The Canon 5D Mark III allows you to shoot video in any of its shooting modes, including program auto and automatic+. When shooting video in an automatic mode you are allowed to change certain settings, though the range on some (ISO, for example) is limited. In the full automatic+ mode, however, exposure control is left entirely up to the camera, without user input. In this mode the user can merely select image quality and type, video compression and resolution, recording media destination, and little else.

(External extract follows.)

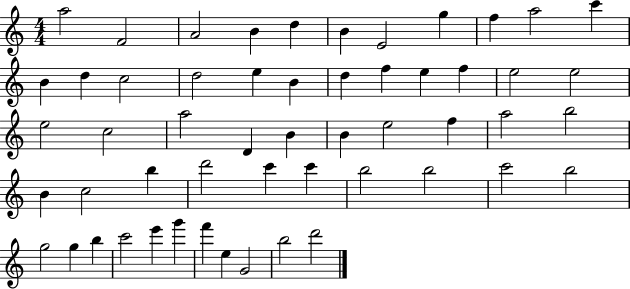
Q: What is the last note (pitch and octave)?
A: D6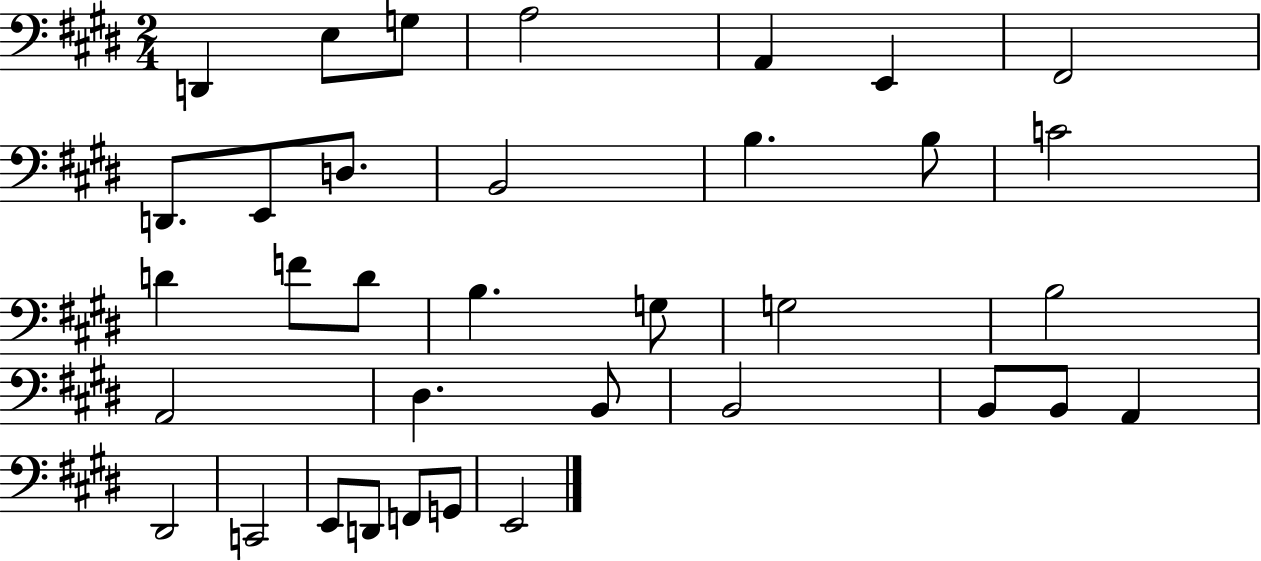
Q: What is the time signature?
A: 2/4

Zoom control on the 5D Mark III is limited, of course, to just manually zooming with the lens. The zoom ring on the 5D Mark III's kit lens is nice and large, with large grooves that make it easy to zoom in and out. The 24-105mm f/4L kit lens offers a very useful focal range, with a zoom ratio close to 5x. The 24mm wide angle is very useful on the full frame sensor, letting you get a wider angle of view than you would otherwise have on a cropped APS-C or APS-H image sensor.
The harshest criticisms about the 5D Mark II were generally reserved for its autofocus system, which wasn't up to the standards that most professional photographers (at least the ones who need autofocus, like sports and news photographers) want it to be. The Mark III remedies this by adopting the same 61-point autofocus sensor (41 cross-type sensors) as the new 1D X. It doesn't have all the same autofocus features as the 1D X (largely due to a smaller degree of processing power), but it features the same sensor.
When shooting video, however, you are restricted to using manual focus or single AF with contrast detection, including while recording video. There's no continuous autofocus in the camera while in live view or video mode, but by pressing the AF-ON button, the camera will refocus on whatever is within the AF frame. The contrast detection AF is significantly worse than the phase detection system, as is to be expected. It will not provide any kind of smooth focus pull, as it tracks subject sharpness and goes a fair bit past the correct focus point before retracing its steps.
The 5D Mark III can automatically and manually exposure for almost its entire shutter/aperture/ISO range while in video. The ISO range is limited slightly, with a max in video recording of 12800, with expansion to 25600 in program, bulb, and aperture-priority mode. The only other limitation is to shutter speed, which can not be set to slower than 1/30th of a second for video.
The 5D Mark III includes both a 3.5mm mic jack and a 3.5mm headphone jack. This gives you the ability to use external audio recording devices and any commercially available headphone to monitor audio that is being recorded in the camera. The camera also features a built-in microphone, but it is just a monaural mic.